In 1950, the Temple of the Golden Pavilion (Kinkaku-ji) in Kyoto was burned to the ground by a young monk. The temple had been built in the fourteenth century and was the finest example of the architecture of the Muromachi period. Covered in gold leaf and crowned with a copper-gold phoenix, it projected an image of majesty and serene beauty. It had been designated a National Treasure in 1897 and was considered a national symbol in Japan. Transcripts of the monk’s trial indicate that the temple’s beauty consumed him with envy, and the reminder of his own ugliness engendered in him a hatred of everything that was beautiful. The temple haunted his imagination and became the object of his obsession. This neurotic fixation finally compelled him to destroy it.
This inspired Mishima to write his novel The Temple of the Golden Pavilion. He uses the incident as a basic framework upon which he crafts both a psychological portrait tracing the protagonist’s descent into madness and obsession and a philosophical meditation on the nature of beauty, time, and morality. The novel is a masterpiece and stands as one of Mishima’s greatest works.
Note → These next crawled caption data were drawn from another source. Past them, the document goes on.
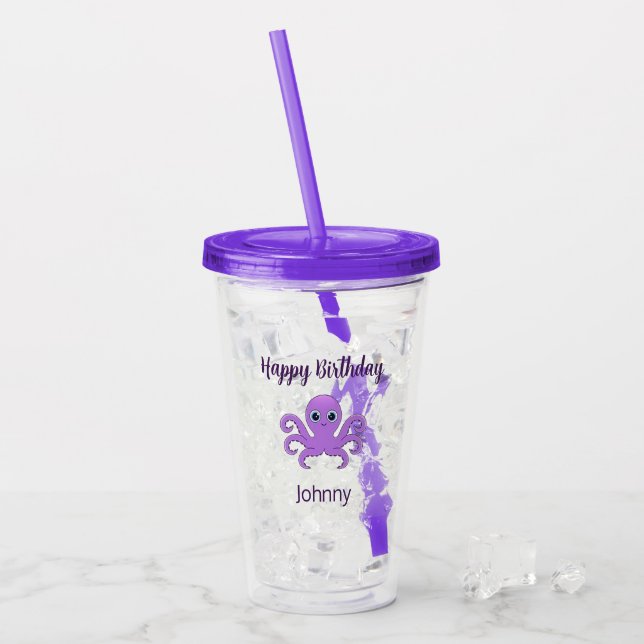 Vaso Acrílico Lindo pulpo morado verde (Anverso (hielo))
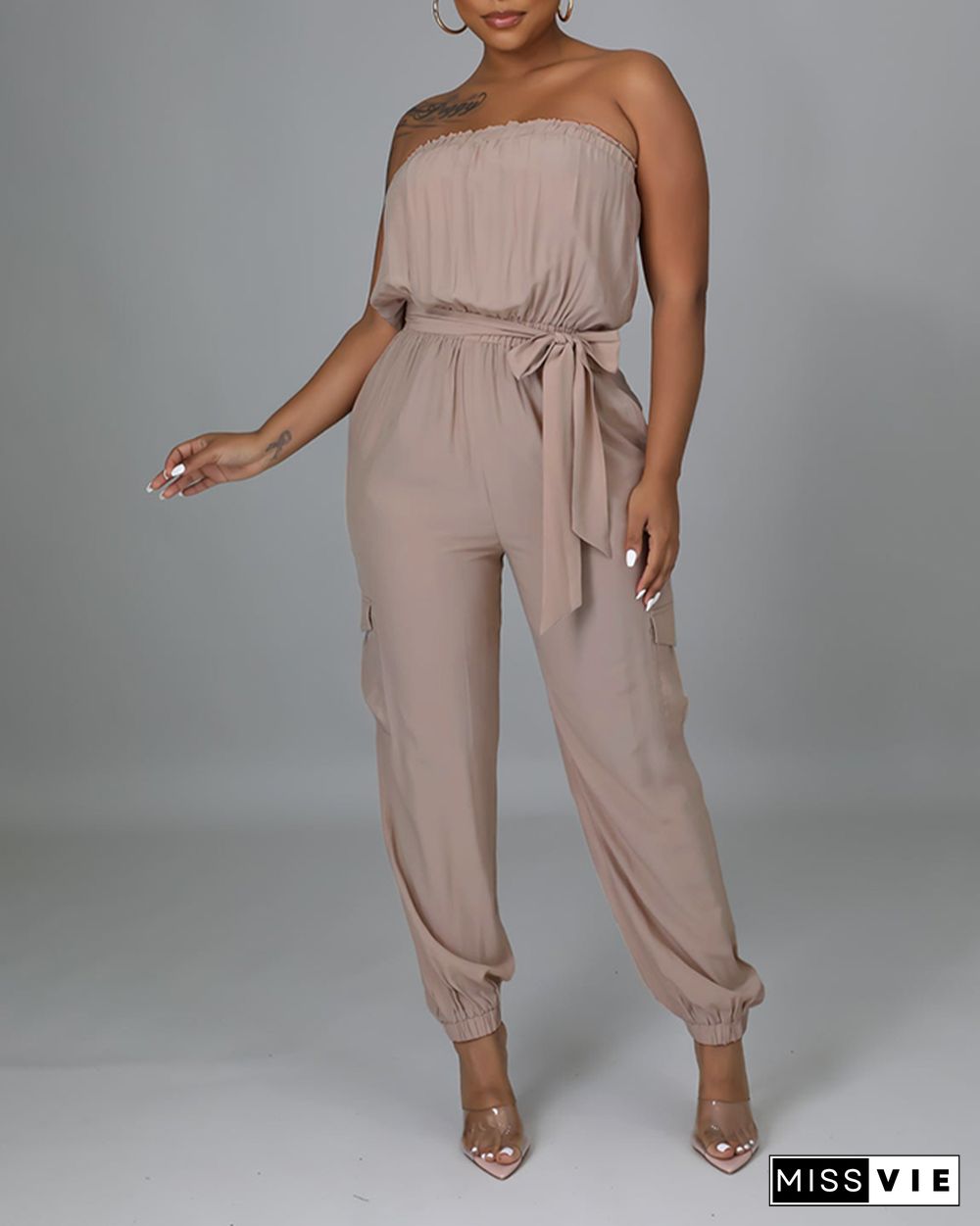 Pocket Design Belted Bandeau Jumpsuit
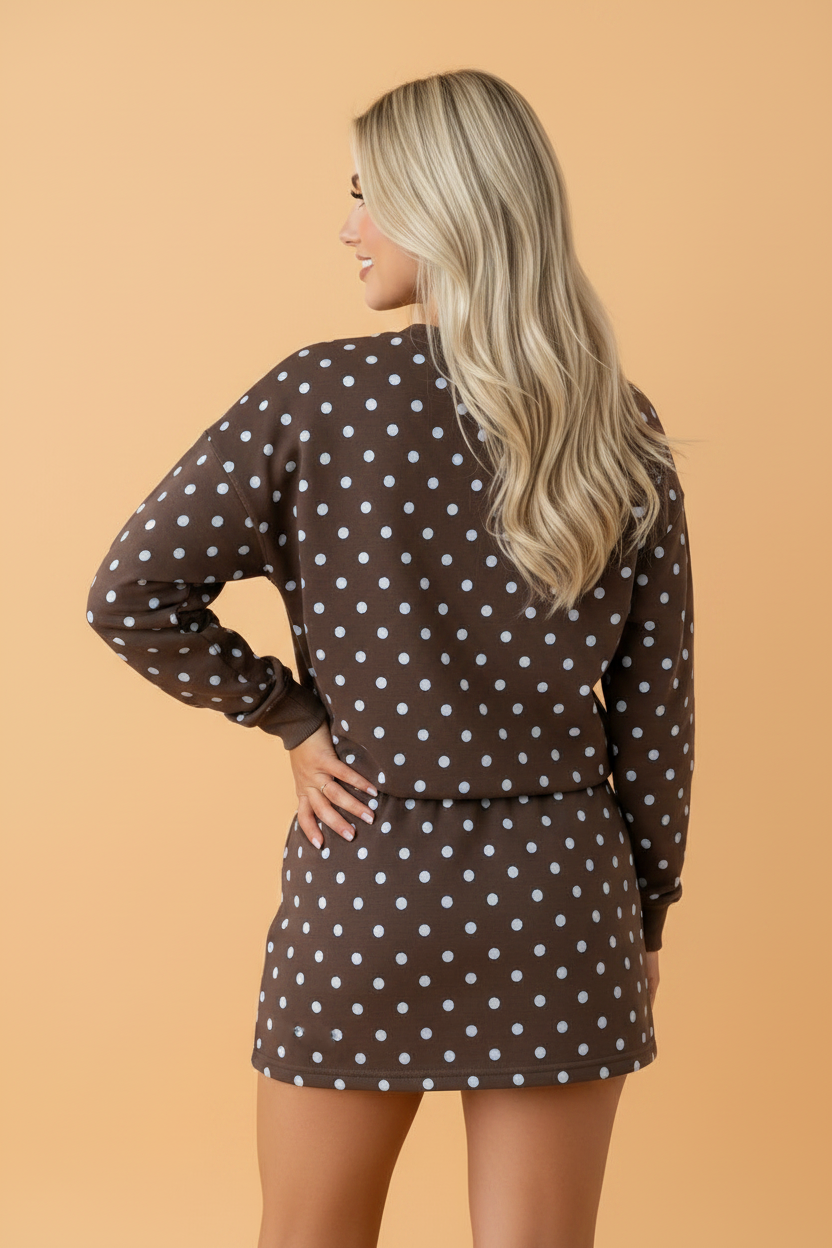 Polka Dot Long Sleeve Pullover & Bow Skort Set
The narrator, Mizoguchi, is physically weak, ugly in appearance, and afflicted with a stutter. This isolates him from others, and he becomes a solitary, brooding child. He first learns of the Golden Temple from his father, a frail country priest, and the image of the temple and its beauty becomes for him an idée fixe. The young Mizoguchi worships his vision of temple, but there are omens of what is to come. When a naval cadet visits his village and notices his stutter, Mizoguchi is resentful and retaliates by defacing the cadet’s prized scabbard. From the beginning, he realizes that the beauty of the temple represents an unattainable ideal: “if beauty really did exist there, it meant that my own existence was a thing estranged from beauty” (21). Over time, this seed in his mind metastasizes and begins to consume him.
Like many youths who are afflicted with both physical defects and an overactive imagination, Mizoguchi is prone to delusions of grandeur, imagining himself as a great artist with a special destiny. He takes pride in being misunderstood by others. This sense of alienation feeds his obsession throughout the book.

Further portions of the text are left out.